Initial steps to formulate a partnership are for both parties to meet and discuss the pros and cons of developing a particular strategy. Each partner should also look for synergies on the potential partnership. Essentially partners come together because each offers a resource that the other is not able or willing to supply.
Next, I recommend outlining with both legal departments the elements that offer no flexibility by each party. If this is done upfront with clear communication, then a lot of hassle and time is saved – as ultimately most of the focus should be on what elements are flexible for the duration of the negotiating process. One can argue that the next step before this should really be to develop the relationships; however, there are certain aspects that just won’t work no matter how much the relationships are cultivated.

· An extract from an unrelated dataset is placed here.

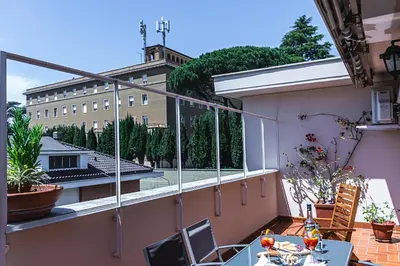 a balcony with a view of a building at Vatican Luisa in Rome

From the get-go, strategic partnerships can be inherently challenging because of the focus on sustainable competitive advantage and what that means for both parties. There can be a lot of tension between who owns what elements and about how the teams on each end are cooperating.
Sharing information is always a touchy subject and almost impossible to create a partnership without. It must be a fine balance between what kind of information is shared for the good of the deal. There must be strong leadership on both sides with extensive experience in the negotiating process; and expectations must be set far in advance of getting into confidential details. Trained managers will most likely try their best to avoid distrust, yet push for innovation and uniqueness tied to the outcome of the partnership. Each partner leader should try to avoid the daily inertia that sets in when day-to-day details do follow suit smoothly – and keep in mind that the ultimate goal should work for both parties’ advantage.
Trust is key. Without it, it would be difficult to reconcile differences and resolve disputes. Conflict can be expected when forming partnerships, as each team will always have its own company’s interests in mind. Trust at the onset will all partners to respond to one another through mutual respect and ensure the best performance from each team member.
Finally, the negotiating process is just as important as all other elements I have mentioned as it drives the opportunity for such, through innovation and growth. Strategic alliances allow for both business partners to gain competitive advantages by using one another’s resources to reach goals. This will include target markets, creative ability, technologies, IT performance, capital resources as well as an experienced team. These things are crucial to complete the operational process that will implement the best negotiation points, when handled correctly.
In the end, I view the whole process as a means to learning versus a means to an end. Of course the goal of any company joining forces is to drive revenue growth for the company – yet many times, much more is learned throughout the hard-earned progression toward final development.
If both strategic parties can remain open-minded and show a deep ambition for facing challenges with creative solutions, then I believe you have a ‘home run’ no matter what.